Isaiah spoke of God’s wonderful, merciful nature (40:11, NIV) when he said, “He tends his flock like a shepherd: He gathers the lambs in his arms and carries them close to his heart; he gently leads those that have young.”

When David grieved the loss of his infant son in 2 Samuel 12:23, he expressed confidence in a future reunion with that child when he said, “But now he is dead; why should I fast? Can I bring him back again? I shall go to him, but he shall not return to me.”

The term “age of accountability” (or “age of responsibility”) refers to a time in a person’s life when they understand enough and become mature enough to be morally responsible for their own decisions and behavior. Because individuals mature differently, it is believed that this time – this age of accountability – is different for each person.

Paul referred to what happened in his own life relative to this in Romans 7:9: “I was alive once without the law, but when the commandment came, sin revived and I died.”

Paul appears to be speaking of a time in his life when he was “without the law.”  It would seem the only time that this would have applied was when he was an infant or a very young child. He wasn’t speaking about being alive physically, because he didn’t die physically when he came to the knowledge of the law. It is true that we are born with a sin nature, but it appears from Scripture that the full consequences of that fallen nature (and our subsequent corresponding actions) aren’t counted against us until we come to a certain level of knowledge relative to God’s standards.

Paul said in Romans 5:13, “For until the law sin was in the world, but sin is not imputed when there is no law.”

It’s not that the sin nature or the propensity toward sin are not present in an infant or a child; it’s simply that God has chosen not to let the consequences be fully realized when a person cannot know any better.

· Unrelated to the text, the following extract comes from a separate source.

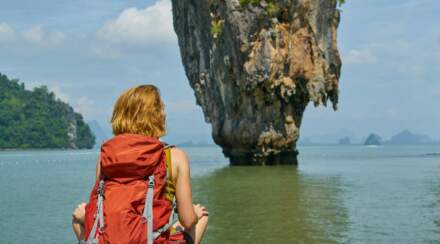 Volontariato in Thailandia: l’esperienza di Giulia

There are many Scriptures that present the idea that judgment is, to a degree, meted out based on the knowledge of the person (Luke 12:47-48, James 4:17, John 9:41, John 15:22, etc.).

Some would take this idea and go too far. They would say, “So if knowledge is the issue, then everyone who has never heard the Gospel has no responsibility.”  Paul precluded and countered this argument in Romans 1-3 when he identified four levels of God revealing Himself to mankind (creation, conscience, law, and Christ). His point was that even those who have never heard the Gospel still have a responsibility to respond to the level of revelation which they do have available to them.

To me, the question is not whether children are born with a sin nature. Rather, the question is, “At what point does that child (or person) become accountable for that particular situation, along with the consequences for his or her own behavior?”  Scripture seems to associate that with acquiring a certain level of knowledge. Only God knows the age of accountability for each person.

In summary, I believe that we can safely and confidently trust a loving and merciful God with the care of the souls of infants and small children who die. Jesus’ attitude toward small children was one of complete acceptance. This is not to downplay the importance of an individual accepting God’s forgiveness personally when they are old enough to understand their need for such forgiveness.

In closing, let me quote from my book, Life After Death. “Although the death of a child—whether by miscarriage, stillbirth, or premature death—is difficult to comprehend with our human reasoning, the Holy Spirit offers comfort and strength to help us through our sorrow. And even though we may not understand everything, we can be confident in God’s mercy and compassion. The good news of God’s mercy is simply this: Jesus loved, embraced, and welcomed children to Himself when He was here on this earth, and Jesus is the same yesterday, today, and forever (Hebrews 13:8).”